22 Ekim 2012 Pazartesi

Neredeyim?:)

 
- Fıstık yeşili bavulun sapı koptu ve haşatı çıktı! Allah'tan üzerine takılan ''fragile'' etiketinin yardımıyla olsa gerektir, içindeki kırılacaklara bişey olmamıştı. Boşaltılıp kendisine şimdiye kadarki hizmetleri için teşekkür edildikten sonra artık çöpün kenarına bırakılacak. Çok kaliteli bir bavulla uzun ve aktarmalı seyahatlere çıkmanızı tavsiye etmem, gözden çıkarabileceğiniz ama iş de görür birşey olsun ki; sonradan ''ulen bu bavul da haşat olmuş işte, tüh!..'' demeyesiniz. Zira top gibi oradan oraya fırlatılıyor bagajlar, eğer bavulunuza aşkla bağlıysanız uluslararası havaalanlarında bulunan ''bagaj koruma sistemleri''nden destek alabilirsiniz, birkaç euro karşılığında kalın renkli naylonlarla kundaklanıyor bagajlar, sonradan açmak için ekstra bir  uğraşı da göze almalısınız elbette...

- 3500 km. yol kardeşim, 4.5 saatlik uçuş anlamına geliyor, üzerine İstanbul-İzmir uçuşunu da ekle, püfff yani! Hele bir de bir saati aşan rötar olunca ve aktarma uçuşunda da gene rötarla karşılaşınca öğlen başlayan seyahat, ancak sabaha karşı 03.00'lerde falan sona erebiliyor! Saat farkı, para birimi değişikliği, ''ben şimdi neredeyim yâhû?..'' karmaşası, bavul ve çanta kaosu daha bir müddet devam eder ama fazla sürmez, düzelir...
- Lizbon'daki evimiz ''Casa Claudia''ya çok alışmışız,  ayrılırken hüzün kapladı:( Neredeyse sevgili Friendly Rentals yetkililerine ''pencereleri açık unutmayın haa, yağmur giriyor sonra içeriye...'' ya da ''balkon kapısının altındaki bezi kaldırmayın, su alırsa o güzelim ahşaplar kabarır, ona göre...'' falan gibi direktifler verecektik. Bir ortalığı silip süpürmediğimiz, çamaşırları yıkayıp ütülemediğimiz, camları, balkonları paklamadığımız kaldı! Ülke kuralları gereği ayrıştırdığımız çöplerimizi bile kendimiz çıkarıp bidonlara götürdük. Evi güzelce havalandırdık. Sahiplenmişiz meğer bu çok eski ve güzel evi, emektar ''Casa Claudia''ya, kısa süreli apartman komşularımıza, Friendly Rentals Lizbon ekibine ve bilhassa her ihtiyacımızla derhal ve yakından alâkadar olan uzun ve bohem Lizbonlu Jaoui'ye gönülden teşekkür.

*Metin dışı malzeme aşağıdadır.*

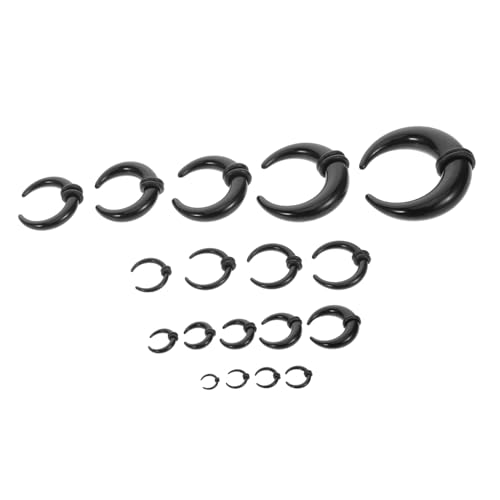 Homoyoyo 18 Stück Gepulster Septumschmuck Septum Börse Schmuck Septum verjüngt sich für Frauen Nasenpiercing verjüngt sich Nasenring für Männer Nasenring für Frauen Acryl Schwarz Homoyoyo 18 Stück Gepulster Septumschmuck Septum Börse Schmuck Septum verjüngt sich für Frauen Nasenpiercing verjüngt sich Nasenring für Männer Nasenring für Frauen Acryl Schwarz von Homoyoyo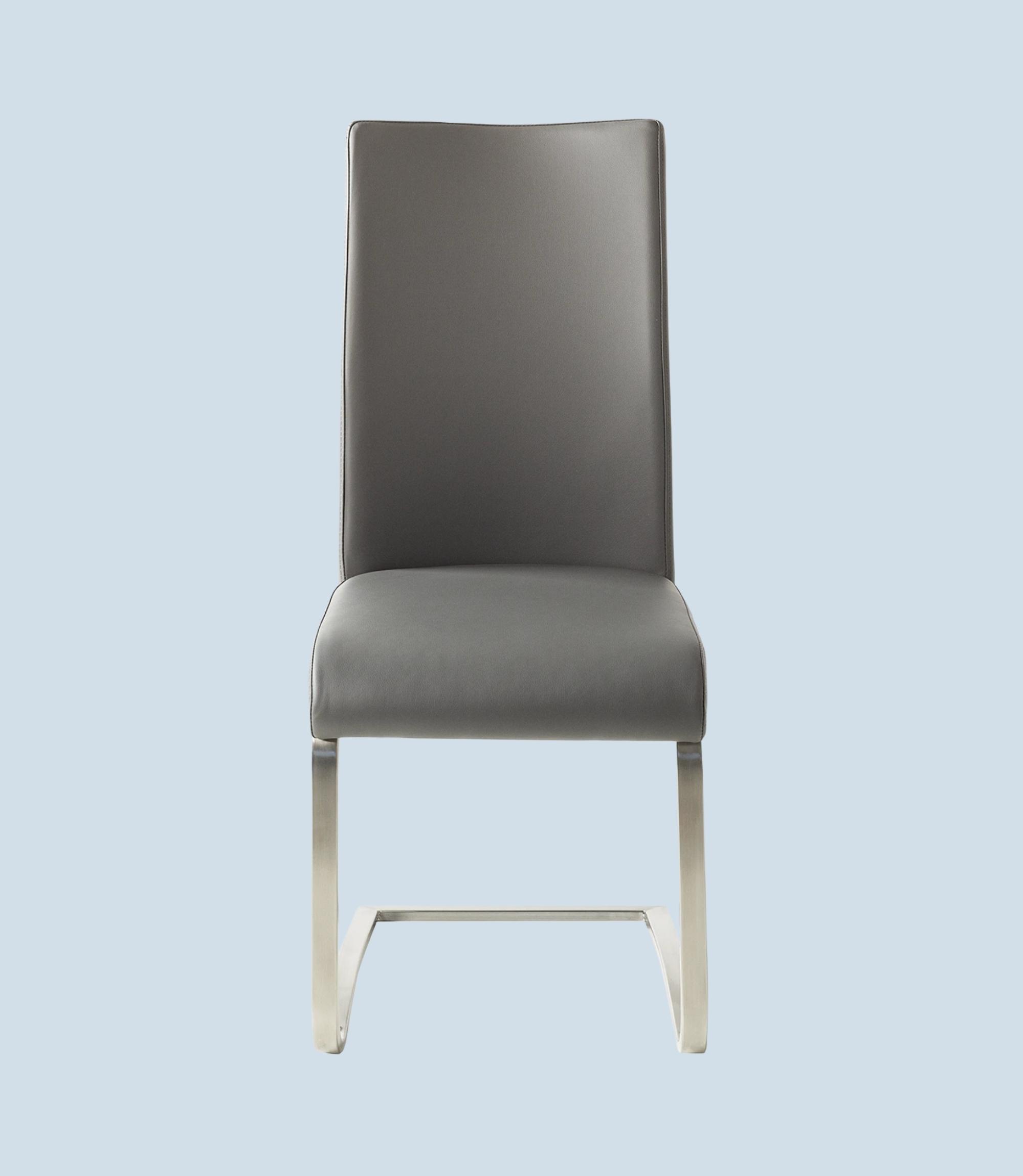 2x Freischwinger Lederimitat Grau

O minare kadar boyuyla biz aşağıdaki cücelerin ne dediğini anlaması biraz zaman aldı adamcağızın ama olsun:) Aman eve iyi bakın, ortalığı dağıtmayın, incitmeyin, üzmeyin onu e mi?..

- Lizbon Havaalanı free-shop mağazaları Türkiye'dekilerden ucuz, komşumun ısmarladığı parfümü iyi ki Lizbon free-shopundan almışım, aklınızda bulunsun. Bagaj taşıma arabaları da Lizbon'da ücretsiz ama İzmir'de 2 euro karşılığında kullanılabiliyor:) Güzel ülkemize ayak bastığımızı farketmenin bir başka yolu denebilir! Cepte kalan son eurolarla kendi paramızın karışması hali de sık rastlanılan bir durumdur, şaşmamak lâzım...

- Tramvay kampanasını arıyor kulaklarım, bir de açık pencerelerden dışarı süzülen Portekiz şarkılarını... Mataramda Lizbon'un çeşme suyu kalmış, hafif, kireçsiz ve lezzetli bir su olduğu için rahatlıkla içilebiliyor, bizdeki gibi kapalı suya para veren pek yok. Yorgunluktan bitmiş halde yatağıma uzanmadan evvel birkaç yudum içtim ve bir kez daha kişisel arşivime çok değerli katkılarda bulunan Lizbon şehrine teşekkür ettim...

- Dört ayaklı çocuklarla çok özleşmişiz:) Sabaha karşı gerçekleşen karşılama töreni ve sevinç halleri eşsizdi, önce bagajlar koklandı, çok uzaklardan gelen farklı kokular tanımlandı, sonra açılanların içi keşfedildi, ''bize birşey var mı?..'' durumları yaşandı. Daha sonra da içlerine yerleşilip uykuya geçildi:) Komik varlıklar bunlar vallahi...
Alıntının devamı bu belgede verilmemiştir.